### DATA PROVIDED
_ _ _ _ _ _ _

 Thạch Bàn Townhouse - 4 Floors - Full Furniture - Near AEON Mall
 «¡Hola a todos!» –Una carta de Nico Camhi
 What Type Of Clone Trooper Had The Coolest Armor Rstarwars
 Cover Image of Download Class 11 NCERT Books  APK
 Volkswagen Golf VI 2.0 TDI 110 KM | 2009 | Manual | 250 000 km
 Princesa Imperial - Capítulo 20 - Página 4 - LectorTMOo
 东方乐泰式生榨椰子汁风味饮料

_ _ _ _ _ _ _

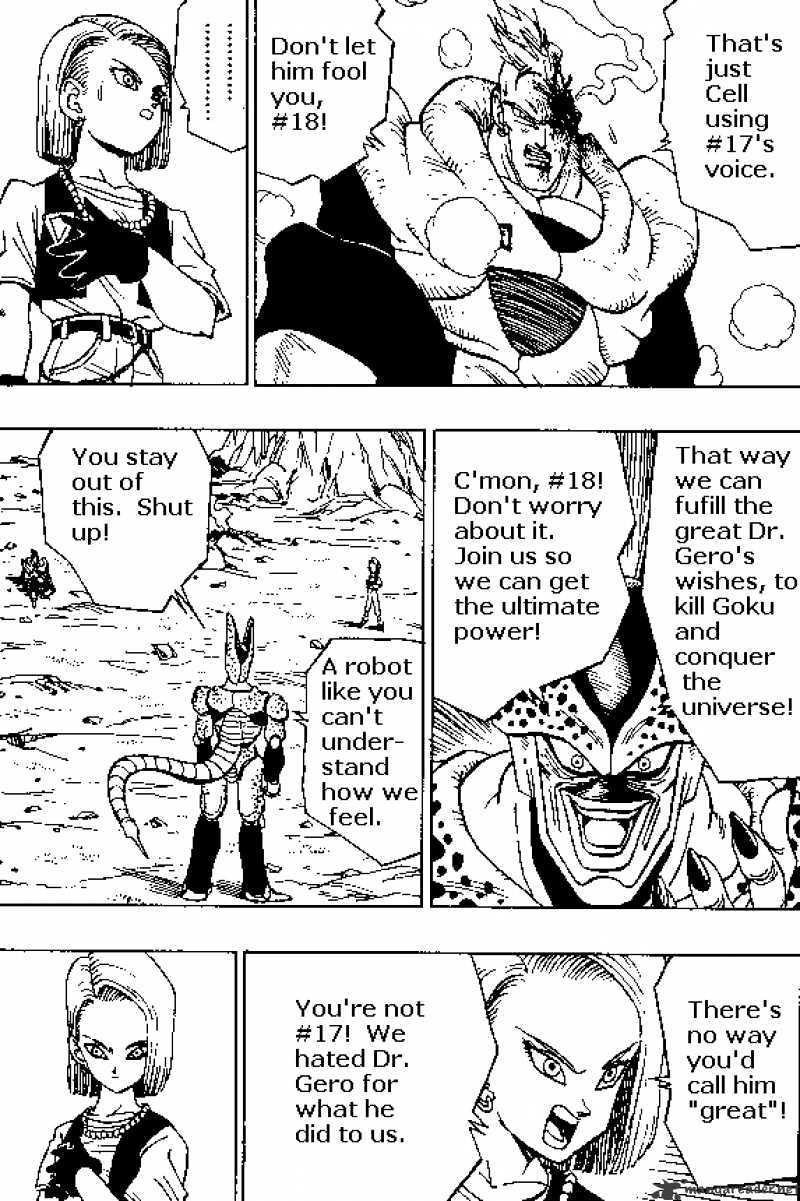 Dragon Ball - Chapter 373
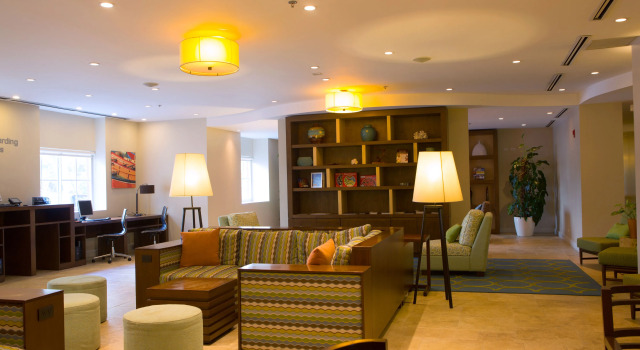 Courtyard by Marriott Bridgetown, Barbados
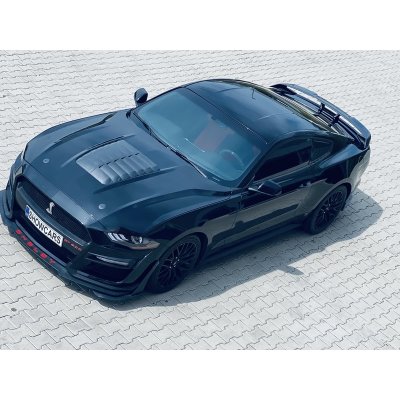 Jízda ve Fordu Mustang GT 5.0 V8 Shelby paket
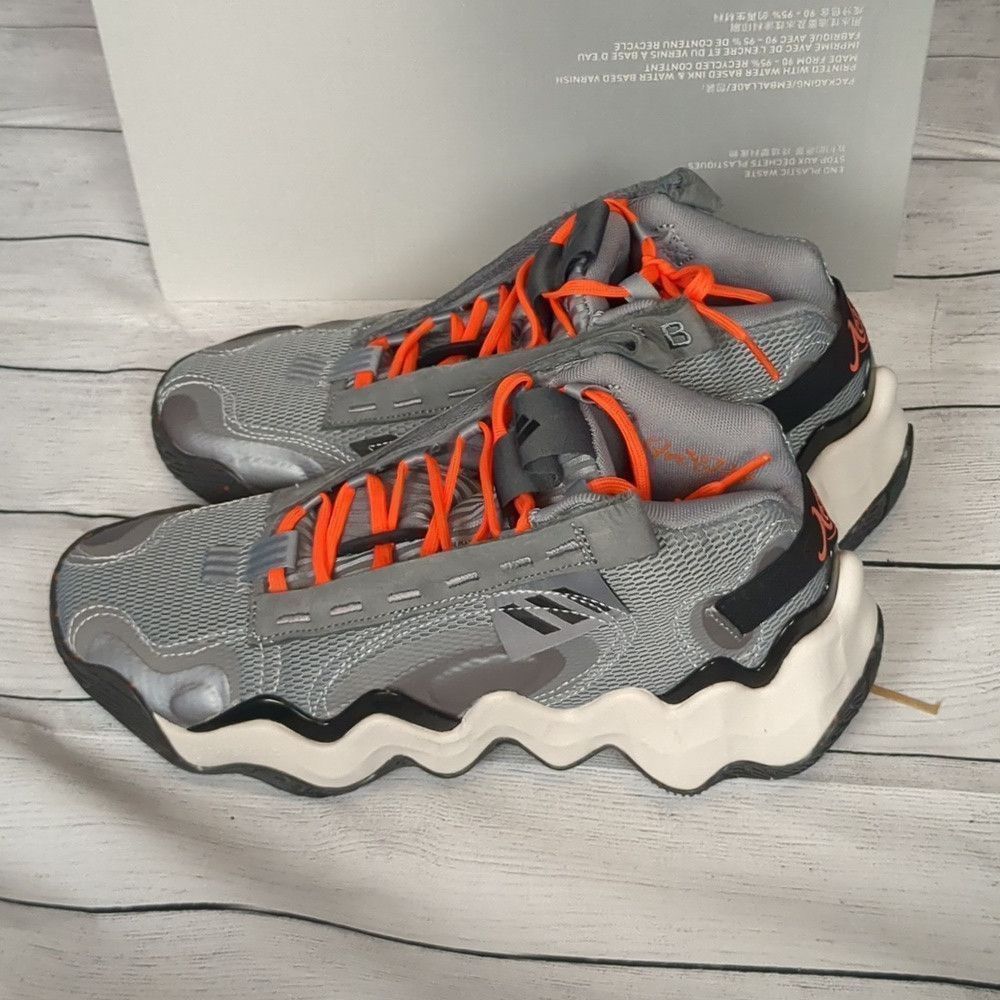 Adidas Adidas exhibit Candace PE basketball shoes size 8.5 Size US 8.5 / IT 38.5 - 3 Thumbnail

_ _ _ _ _ _ _

### WHAT THE TASK ASKS
Please give back exactly the lines of this listing beginning at the line with "Volkswagen Golf VI" and ending with the line with "东方乐泰式生榨椰子汁风味饮料", both included, and nothing else.

### EXERCISE ANSWER
 Volkswagen Golf VI 2.0 TDI 110 KM | 2009 | Manual | 250 000 km
 Princesa Imperial - Capítulo 20 - Página 4 - LectorTMOo
 东方乐泰式生榨椰子汁风味饮料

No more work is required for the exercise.